Rival Dealer is the seventh extended play by British electronic music producer Burial. It was released digitally by Hyperdub on 11 December 2013, with a physical release following five days later.

==Background==
On 2 December 2013, a Cargo Records distribution email revealed that record label Hyperdub would release a three-track EP of Burial material on 16 December in vinyl and CD formats, designated with the catalogue number HDB080. His first release since Truant / Rough Sleeper the year prior, it was also revealed to have a 28-minute running time. On 11 December, Hyperdub made the EP available to purchase digitally through their website and uploaded its three tracks—"Rival Dealer", "Hiders" and "Come Down to Us"—to YouTube.

==Themes==
Unlike previous Burial releases, Rival Dealer maintains a significant theme throughout its three tracks. Fact critic Tom Lea called the EP a story about "love, confusion and relationships", citing the track "Come Down to Us" as a primary example. In a rare public message to BBC Radio 6 Music, Burial himself stated, "I put my heart into the new EP, I hope someone likes it. I wanted the tunes to be anti-bullying tunes that could maybe help someone to believe in themselves, to not be afraid, and to not give up, and to know that someone out there cares and is looking out for them. So it's like an angel's spell to protect them against the unkind people, the dark times, and the self-doubts."
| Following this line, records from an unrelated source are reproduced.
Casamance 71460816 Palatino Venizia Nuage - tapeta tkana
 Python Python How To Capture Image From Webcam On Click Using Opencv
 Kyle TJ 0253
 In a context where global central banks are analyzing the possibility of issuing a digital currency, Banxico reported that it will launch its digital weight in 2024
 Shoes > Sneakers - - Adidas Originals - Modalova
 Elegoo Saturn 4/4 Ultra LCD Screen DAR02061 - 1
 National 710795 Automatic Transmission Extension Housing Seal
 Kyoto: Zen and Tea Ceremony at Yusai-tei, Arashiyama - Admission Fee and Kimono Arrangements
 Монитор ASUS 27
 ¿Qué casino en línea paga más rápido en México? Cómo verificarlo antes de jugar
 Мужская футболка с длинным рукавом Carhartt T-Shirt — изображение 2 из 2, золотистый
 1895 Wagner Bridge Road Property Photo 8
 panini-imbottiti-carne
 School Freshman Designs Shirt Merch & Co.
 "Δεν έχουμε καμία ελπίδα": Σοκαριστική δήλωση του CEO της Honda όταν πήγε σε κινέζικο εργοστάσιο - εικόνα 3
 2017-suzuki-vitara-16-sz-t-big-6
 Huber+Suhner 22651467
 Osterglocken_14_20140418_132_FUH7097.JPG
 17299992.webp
All three tracks contain samples from an interview with NASA scientist Melissa Dawson Higgins. "Come Down to Us" utilizes a sample from a speech by filmmaker Lana Wachowski at the 2012 Human Rights Campaign gala, as well as a sample from the 1982 film Liquid Sky.

==Critical reception==

Upon its release, Rival Dealer received critical acclaim. At Metacritic, which assigns a normalised rating out of 100 to reviews from mainstream critics, the album holds an average score of 83, indicating "universal acclaim". Pitchfork awarded it their "Best New Music" accolade, with reviewer Larry Fitzmaurice noting a "wider, more jarring and revelatory" change in Burial's sound and praising it as "unquestionably the strongest release of his since 2012's Kindred, and his most satisfying statement of purpose." Resident Advisors Kit Macdonald felt that the release puts Burial in a "new creative sweet spot" and expands his musical diversity. Facts Tom Lea argued that Rival Dealer would likely be considered Burial's most divisive release. Writing for Cuepoint, Robert Christgau said the EP offers him the same satisfaction as Rokku Mi Rokka (2007) by Youssou N'Dour and Into the Music (1979) by Van Morrison, and wrote in summation:

Despite the reflexively dark title it shares with the lead track, despite the glitched electronics that will always scare off my generational cohort, despite the consoling females who will just as inevitably trip cynics' corn alarms, its gestalt is intelligently humanistic and fucking uplifting well before the quiet, awkward self-acceptance speech that serves as a coda.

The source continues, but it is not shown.